> Given records:
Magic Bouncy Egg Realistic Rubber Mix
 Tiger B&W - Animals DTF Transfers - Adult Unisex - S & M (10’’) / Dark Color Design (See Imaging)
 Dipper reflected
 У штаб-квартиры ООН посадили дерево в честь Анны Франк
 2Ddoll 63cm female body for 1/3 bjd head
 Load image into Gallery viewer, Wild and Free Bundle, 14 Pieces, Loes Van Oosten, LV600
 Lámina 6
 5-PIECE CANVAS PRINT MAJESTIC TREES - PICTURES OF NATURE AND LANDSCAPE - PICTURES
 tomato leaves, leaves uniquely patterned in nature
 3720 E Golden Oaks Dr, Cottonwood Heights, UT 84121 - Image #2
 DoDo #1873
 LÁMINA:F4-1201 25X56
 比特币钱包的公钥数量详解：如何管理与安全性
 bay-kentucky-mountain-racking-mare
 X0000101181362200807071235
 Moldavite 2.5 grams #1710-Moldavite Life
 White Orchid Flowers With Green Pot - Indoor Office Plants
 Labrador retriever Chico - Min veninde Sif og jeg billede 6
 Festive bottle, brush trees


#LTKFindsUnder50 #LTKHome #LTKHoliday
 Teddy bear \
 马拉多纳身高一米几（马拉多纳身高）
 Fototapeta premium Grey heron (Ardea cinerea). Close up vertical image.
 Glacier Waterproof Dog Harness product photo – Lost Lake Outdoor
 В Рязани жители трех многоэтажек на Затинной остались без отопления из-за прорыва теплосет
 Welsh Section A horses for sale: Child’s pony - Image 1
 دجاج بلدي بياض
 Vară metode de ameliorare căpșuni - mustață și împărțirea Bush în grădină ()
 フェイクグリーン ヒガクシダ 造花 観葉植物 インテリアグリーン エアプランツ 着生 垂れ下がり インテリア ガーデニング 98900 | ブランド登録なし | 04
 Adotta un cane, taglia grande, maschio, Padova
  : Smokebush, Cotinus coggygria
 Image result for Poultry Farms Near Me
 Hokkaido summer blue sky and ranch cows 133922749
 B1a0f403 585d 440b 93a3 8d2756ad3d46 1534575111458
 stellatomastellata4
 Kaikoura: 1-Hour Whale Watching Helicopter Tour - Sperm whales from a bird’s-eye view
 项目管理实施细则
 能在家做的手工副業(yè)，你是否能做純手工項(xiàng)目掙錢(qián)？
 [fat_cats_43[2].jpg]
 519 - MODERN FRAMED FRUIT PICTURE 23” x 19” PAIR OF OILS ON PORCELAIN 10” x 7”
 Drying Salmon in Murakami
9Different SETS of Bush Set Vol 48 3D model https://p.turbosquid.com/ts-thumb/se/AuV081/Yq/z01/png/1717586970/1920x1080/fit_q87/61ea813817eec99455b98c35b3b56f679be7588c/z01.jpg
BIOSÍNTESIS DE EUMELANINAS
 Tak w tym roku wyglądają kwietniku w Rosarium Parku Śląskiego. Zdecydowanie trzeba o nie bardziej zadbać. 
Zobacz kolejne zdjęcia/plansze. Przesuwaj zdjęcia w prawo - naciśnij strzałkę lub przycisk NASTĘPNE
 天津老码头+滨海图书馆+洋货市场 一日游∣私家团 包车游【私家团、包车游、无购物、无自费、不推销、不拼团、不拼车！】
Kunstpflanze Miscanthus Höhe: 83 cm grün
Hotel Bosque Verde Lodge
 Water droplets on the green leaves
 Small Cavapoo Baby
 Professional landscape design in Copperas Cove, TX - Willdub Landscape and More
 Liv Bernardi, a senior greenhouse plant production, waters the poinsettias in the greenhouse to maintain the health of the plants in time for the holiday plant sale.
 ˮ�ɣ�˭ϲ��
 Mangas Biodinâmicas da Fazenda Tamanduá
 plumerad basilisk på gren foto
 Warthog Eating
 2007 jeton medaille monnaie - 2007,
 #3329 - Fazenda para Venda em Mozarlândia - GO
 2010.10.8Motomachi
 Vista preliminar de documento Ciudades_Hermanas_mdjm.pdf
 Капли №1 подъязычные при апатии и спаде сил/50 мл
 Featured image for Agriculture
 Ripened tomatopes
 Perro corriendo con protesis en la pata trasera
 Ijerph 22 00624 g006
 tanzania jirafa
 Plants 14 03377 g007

> Problem to solve: Give only the number of lines in the material above that include the word "sale".

> Solution to this task: 2